OpenVPN tries to use PAP authentication

[stuhad]

When trying to integrate OpenVPN with RADIUS authentication we see the connection is using unencrypted PAP as the authentication method. Please update documentation with steps to enable encrypted OpenVPN and RADIUS authentication.

---

Document Details

⚠ Do not edit this section. It is required for docs.microsoft.com ➟ GitHub issue linking.

• ID: 6298aba8-c953-c7c1-3630-421639631b70
• Version Independent ID: b552f7ae-0c8f-2bfc-a47e-131807b7e613
• Content: Integrate NPS with VPN Gateway RADIUS authentication for MFA
• Content Source: articles/vpn-gateway/vpn-gateway-radius-mfa-nsp.md
• Service: vpn-gateway
• GitHub Login: @AhmadNYasin
• Microsoft Alias: genli

[TravisCragg-MSFT]

@stuhad This is something simple that you set on the OpenVPN Client.

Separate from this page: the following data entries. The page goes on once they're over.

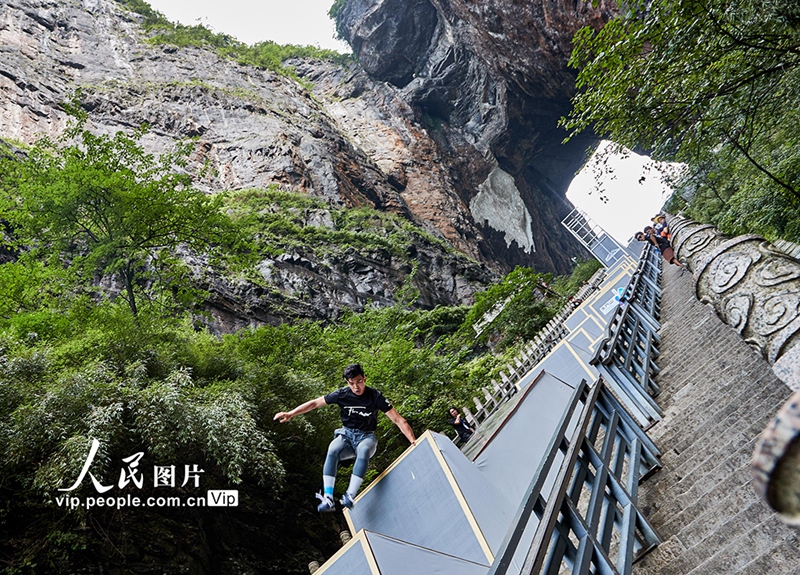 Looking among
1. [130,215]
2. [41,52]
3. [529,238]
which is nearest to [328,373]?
[130,215]

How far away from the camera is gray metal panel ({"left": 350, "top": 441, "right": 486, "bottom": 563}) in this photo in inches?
123

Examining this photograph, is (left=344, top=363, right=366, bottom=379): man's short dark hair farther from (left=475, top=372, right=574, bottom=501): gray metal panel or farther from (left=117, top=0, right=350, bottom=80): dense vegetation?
(left=117, top=0, right=350, bottom=80): dense vegetation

Thanks for the feedback! I have assigned the issue to the content author to evaluate and update as appropriate.

[stuhad]

@TravisCragg-MSFT I'm downloading the ovpn config from the Azure Virtual Network Gateway P2S portal, if there is a way to alter the config please document it

[cocallaw]

@stuhad For the network policy on the RADIUS server for the Azure VPN, do you have PAP selected as an option under Authentication Methods of the Constraints Tab in the Properties?

Also what conditions do you have specified for the Policy on the RADIUS server ?

[stuhad]

@cocallaw I'm not really sure why you are asking me this as we absolutely do not want to use PAP, but yes if we set PAP as an Authentication Method then we see successful connections from the Azure Virtual Network Gateway (VNG) OpenVPN Peer to Site (P2S) VPN.

If we set any other Authentication Method such as MS-CHAP-v2 then the NPS server rejects the authentication attempt because the Azure VNG OpenVPN P2S VPN only seems to try connecting with an Unencrypted authentication mechanism.

[stuhad]

@cocallaw did you need any further information?

[cocallaw]

I spoke with the engineering team, and they confirmed that with a P2S VPN configured with RADIUS and OpenVPN, currently PAP is only authentication method supported between the GW and RADIUS server.

[genlin]

@cocallaw Thanks for sharing the update with us.

@stuhad If you still have problem with integrating OpenVPN with RADIUS authentication, please contact our support. Thanks

I will process to close this issue.

please-close

[StephanBis]

@cocallaw We are in the exact same situation at the moment, using RADIUS and OpenVPN. How is it acceptable to only support PAP? Is there any other way to use MSCHAPv2?